I have the basic in
Web-Scraping part-1.
So there i show how to connect an scrape with
XPath and
CSS Selectors in lxml(and Requests).
lxml has own connector(can read web-pages like Requests/urllib),but it's better to use Requests in all cases.
With this setup can scrape pretty much all out there except JavaScript,
which i have more on in updated
part-2
I couple of examples,copy setup from my tutorial and scrape some on this forum.
Fix new line in you post with XPath
from lxml import html
import requests
url = 'https://python-forum.io/Thread-lxml-tutorial'
url_get = requests.get(url)
tree = html.fromstring(url_get.content)
reply = tree.xpath('//*[@id="pid_43585"]/text()[3]')[0]

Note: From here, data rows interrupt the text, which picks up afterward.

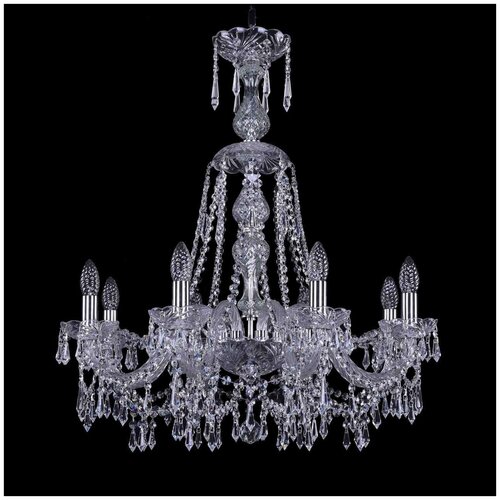   1403/8/240/XL-75 Ni Bohemia Ivele Crystal,  52589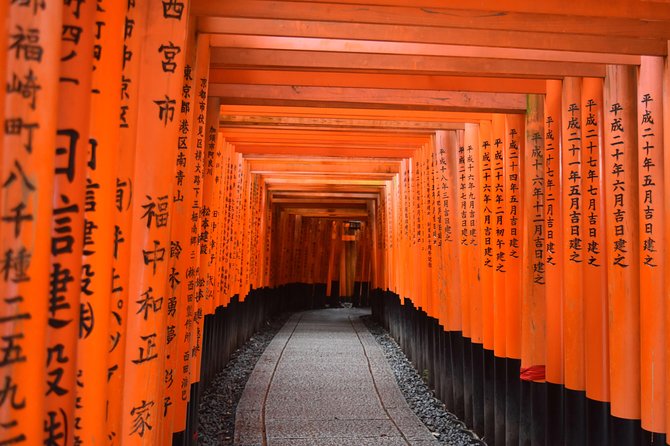 Kyoto Custom Full Day Tour - Planning and Booking Timeframe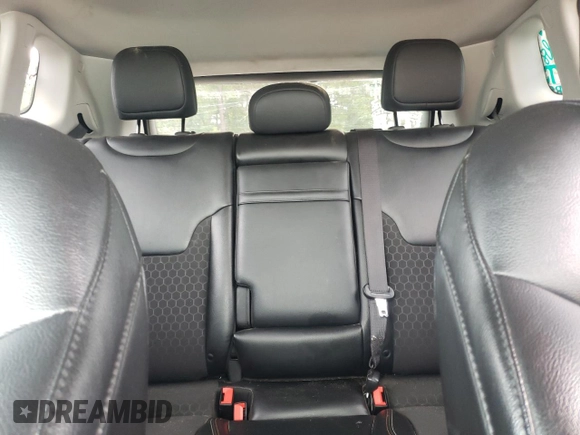 2019 Jeep Compass Latitude z VIN 3C4NJDBB8KT760837, wystawiony jako Copart lot #58399035 z przebiegiem 117 188 mil mil oraz Czysty tytuł • Clean title. Historia ofert i sprzedaży dostępna na DreamBid. Obrazek 10.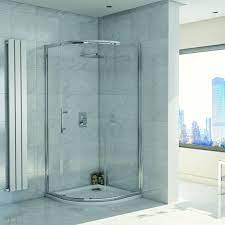 Single Door Quadrant Shower Enclosure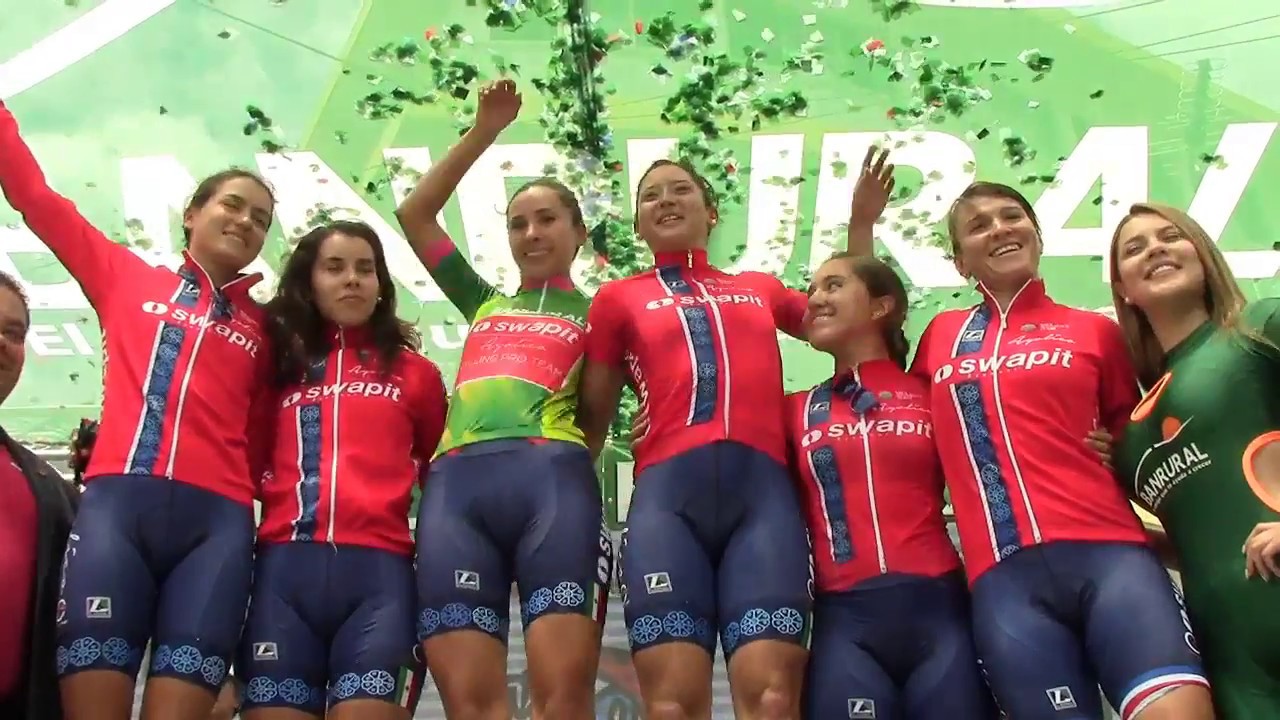 Video 18 Vuelta Ciclista Femenina a Guatemala final YouTube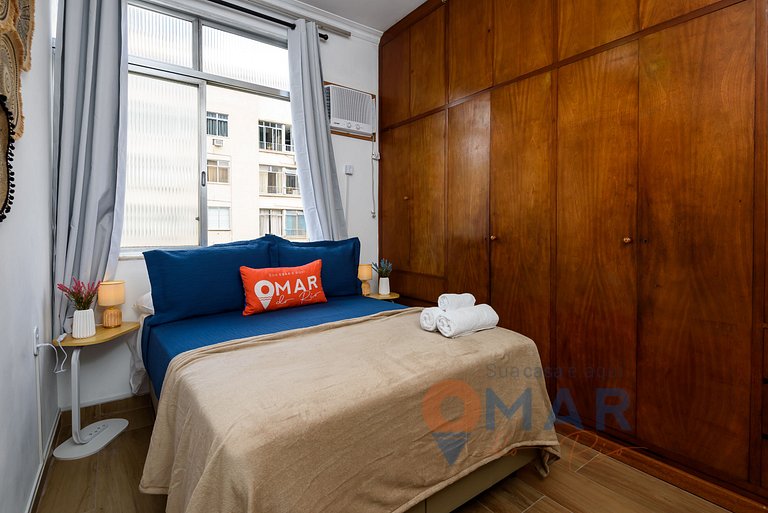Apartamento Esencia de Copacabana | BR 254/802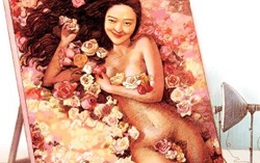 Thiếu nữ Trung Quốc đua chụp ảnh nude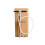 OKO Metallic Application Pump 250ml - 50ml Increments Application 1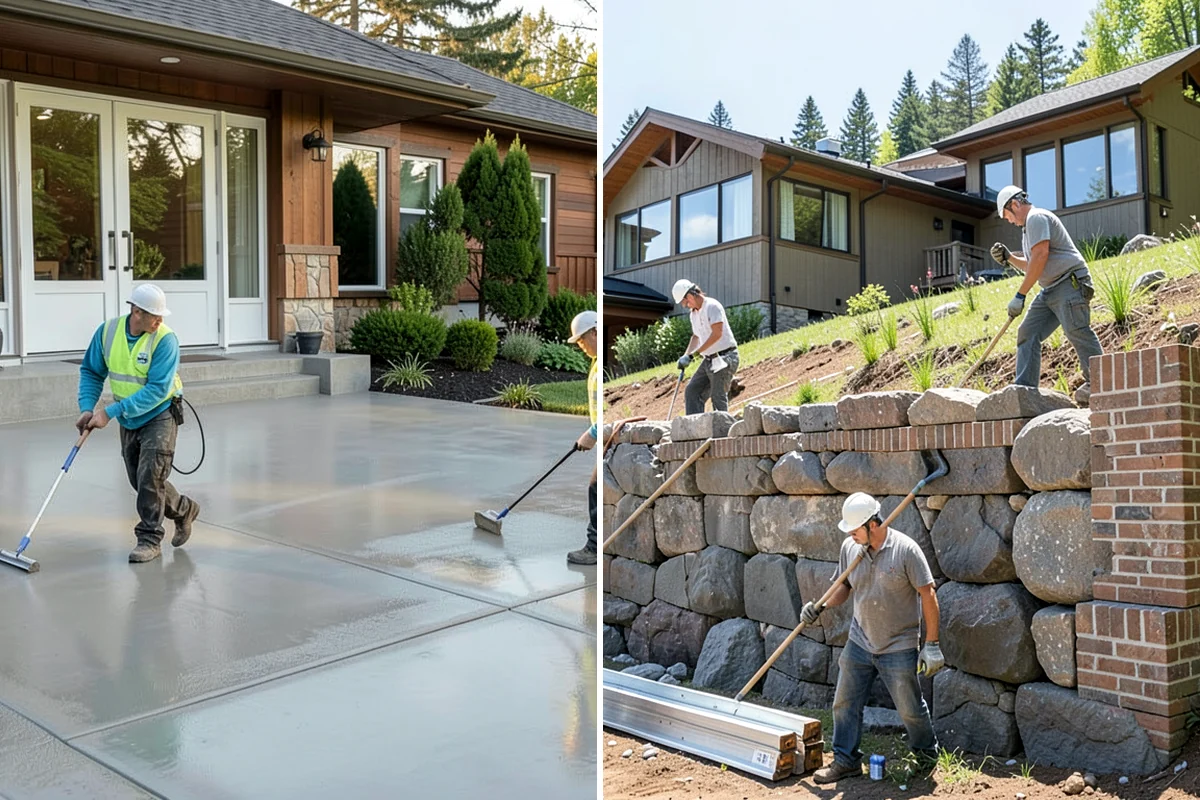 Accessible Kitchen Remodel in Sedro-Woolley, Skagit County, WA - We review how the kitchen is used and where reaching fails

for new_line in reply.split('.'):
print(new_line.strip())
Output:
I would like a tutorial about scraping web pages using lxml alone
All I have seen a while ago in the internet space doesn't have enough explanations for basic things
Scrape forum titles with CSS Selectors.
# pip install cssselect
from lxml.cssselect import CSSSelector
from lxml import html
import requests
url = 'https://python-forum.io/index.php'
url_get = requests.get(url)
tree = html.fromstring(url_get.content)
for forum_name in range(2, 8):
name = tree.cssselect(f'#cat_7_e > tr:nth-child({forum_name}) > td:nth-child(2) > strong > a')[0]
print(name.text)
Output:
General Coding Help
Homework
GUI
Game Development
Networking
Web Development
I mostly use lxml trough
BeautifulSoup(url_get.content, 'lxml')
,
but if like XPath has to use lxml alone as shown,BS do not support XPath only CSS Selectors.